What’s the single most important offensive statistic? I imagine most of us who have bookmarked FanGraphs would not say batting average or RBIs. A lot of us would name wOBA or wRC+. But neither of those are the types of things you can calculate in your head. If I go to a game, and a batter goes 1-for-4 with a double and a walk, I know that he batted .250 with a .400 on-base percentage and a .500 slugging percentage. I can do that in my head.
So of the easily calculated numbers — the ones you might see on a TV broadcast, or on your local Jumbotron — what’s the best? I’d guess that if you polled a bunch of knowledgeable fans, on-base percentage would get a plurality of the votes. There’d be some support for OPS too, I imagine, though OPS is on the brink of can’t-do-it-in-your-head. Slugging percentage would be in the mix, too. Batting average would be pretty far down the list.
I think there are two reasons for on-base percentage’s popularity. First, of course, is Moneyball. Michael Lewis demonstrated how there was a market inefficiency in valuing players with good on-base skills in 2002. The second reason is that it makes intuitive sense. You got on base, you mess with the pitcher’s windup and the fielders’ alignment, and good things can happen, scoring-wise.
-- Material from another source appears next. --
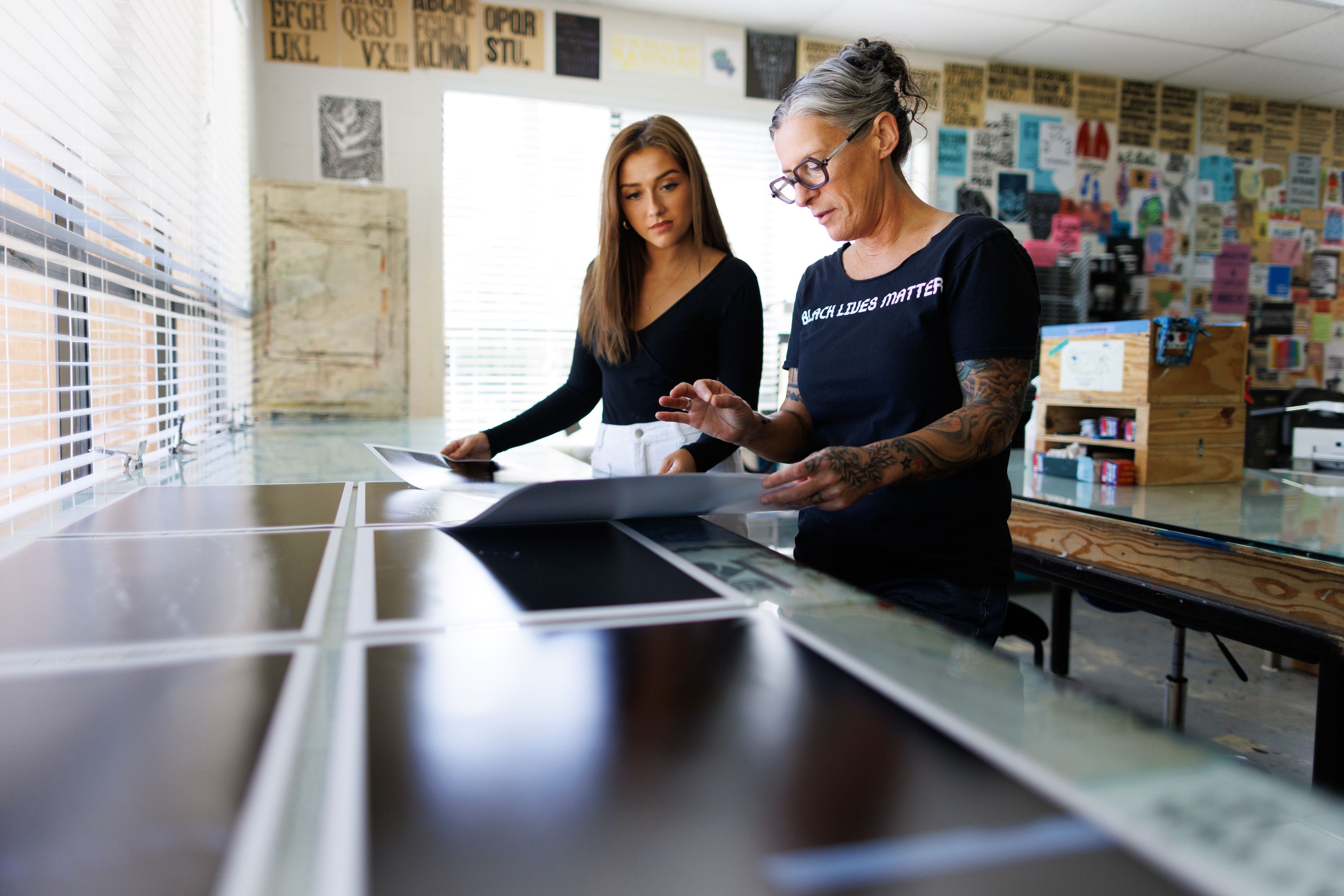A Rollins college art professor reviews a photo with a student.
To check, I looked at every team from 1914 through 2015 — the entire Retrosheet era, encompassing 2,198 team-seasons. I calculated the correlation coefficient between a team’s on-base percentage and its runs per game. And, it turns out, it’s pretty high — 0.890. That means, roughly, that you can explain nearly 80% of a team’s scoring by looking at its on-base percentage. Slugging percentage is close behind, at 0.867. Batting average, unsurprisingly, is worse (0.812), while OPS, also unsurprisingly, is better (0.944).
But that difference doesn’t mean that OBP>SLG is an iron rule. Take 2015, for example. The correlation coefficient between on-base percentage and runs per game for the 30 teams last year was just 0.644, compared to 0.875 for slugging percentage. Slugging won in 2014 too, 0.857-0.797. And 2013, 0.896-0.894. And 2012, and 2011, and 2010, and 2009, and every single year starting in the Moneyball season of 2002. Slugging percentage, not on-base percentage, is on a 14-year run as the best predictor of offense.
And it turns out that the choice of endpoints matter. On-base percentage has a higher correlation coefficient to scoring than slugging percentage for the period 1914-2015. But slugging percentage explains scoring better in the period 1939-2015 and every subsequent span ending in the present. Slugging percentage, not on-base percentage, is most closely linked to run scoring in modern baseball.
Let me show that graphically. I calculated the correlation coefficient between slugging percentage and scoring, minus the correlation coefficient between on-base percentage and scoring. A positive number means that slugging percentage did a better job of explaining scoring, and a negative number means that on-base percentage did better. I looked at three-year periods (to smooth out the data) from 1914 to 2015, so on the graph below, the label 1916 represents the years 1914-1916.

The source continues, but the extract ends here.